We studied the tumoral tissues of 56 patients (24 females and 32 males) affected with metastatic sporadic or familial MTC. The histological diagnosis and classification of tumoral tissues were performed by an experienced team of local pathologists. MTC cases were included in the study only if at least two tumoral tissues obtained from different lesions were available, either from primary and metastatic tissues or from several metastases. A total of 209 tumoral specimens were analyzed. In particular, 54 primary tumoral tissues, 2 local recurrences, 132 lymph node metastases and 21 distant metastases (i.e., lung, liver, kidney, adrenal gland, brain) were included in the study. The details of the analyzed tumoral tissues and their corresponding patients’ statistics are reported in Table 1.

Tissues were either collected at surgery, immediately frozen in liquid nitrogen and kept at -80°C, or recovered from paraffin-embedded tissue blocks. A peripheral blood sample was available for both sporadic and familial cases.

All patients provided written informed consent. This investigation was approved by our institutional review board and by the local Ethic Committee (protocol number 469, approved 29/1/2015).

Methods

Pathologic diagnosis

Patients underwent total or subtotal thyroidectomy at the Department of Surgery of the University of Pisa, Italy.
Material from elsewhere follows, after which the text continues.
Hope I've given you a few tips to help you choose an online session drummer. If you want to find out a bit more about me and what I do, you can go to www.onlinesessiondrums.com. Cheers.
The presence of typical histological (i.e., tumoral cells arranged in trabecular, insular or sheet-like growth patterns) and immunohistochemical (cells positive for calcitonin and chromogranin) features defined an MTC histological diagnosis. In some cases, the percentage of tumoral cells in the sample was recorded. High levels of serum calcitonin were confirmatory of the C cell origin of the cases.

Genotyping

DNA was prepared from blood, fresh and paraffin-embedded tumoral tissues according to a previously described protocol [8]. RET exons 10, 11, 13, 14, 15 and 16 were analyzed by direct sequencing [41]. To exclude false negative cases, primary tumors and metastases found to be discordant for the presence/absence of the M918T RET mutation were further analyzed using a more sensitive TaqMan SNP genotyping assay (ThermoFisher Scientific, Waltham, Massachusetts, USA). The experiments were run according to the manufacturer’s guidelines.
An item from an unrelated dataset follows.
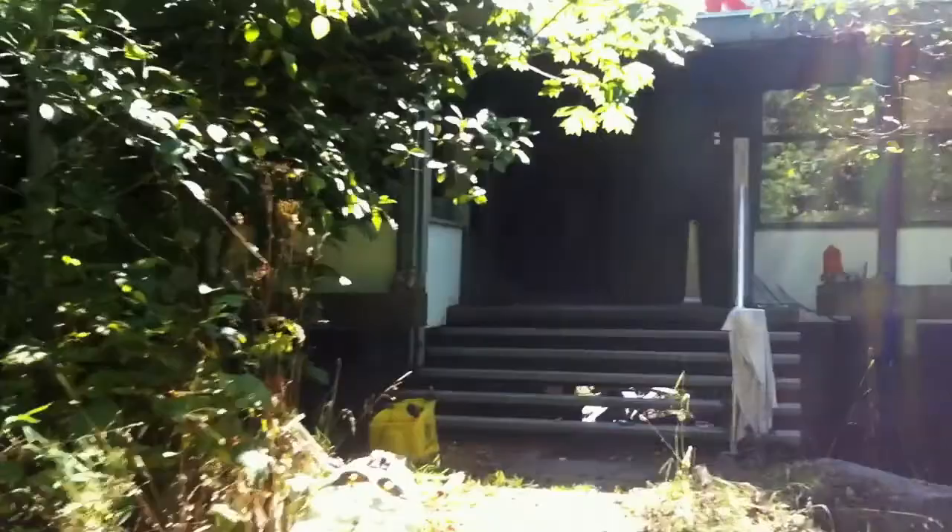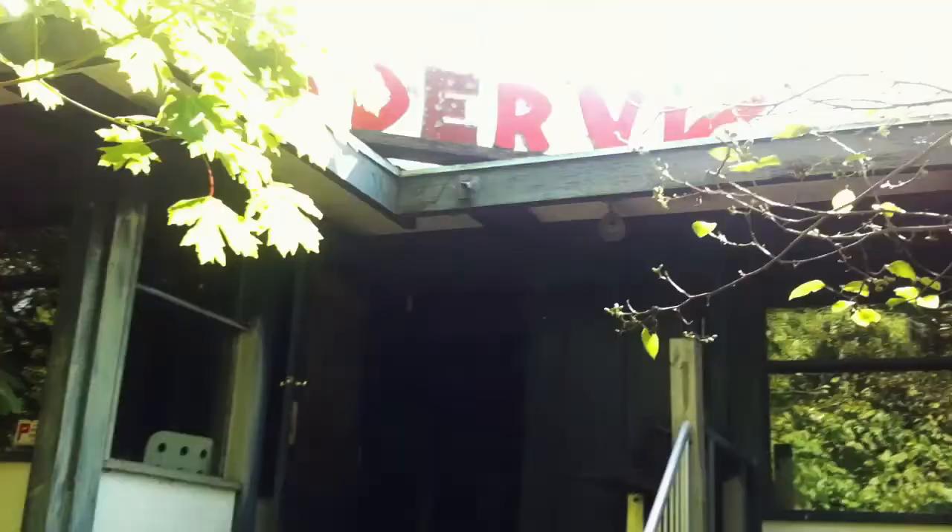I just want to give you guys some footage of the building to get some motivation and let you know how dire the situation is. You can see the signs up there still proclaiming Trader Vic's.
MLPA was used to detect potential large deletions in RET gene. Experiments were performed on primary and metastatic tumor samples using the SALSA MLPA P169 HIRSCHSPRUNG PROBEMIX (MRC-Holland, Amsterdam, the Netherlands). Coffalyser.Net software (MRC-Holland, Amsterdam, the Netherlands) was used to identify copy number variations. Experiments were repeated at least twice. Three reference DNAs from the blood of healthy subjects and a negative control (a sample without DNA) were included in all experiments.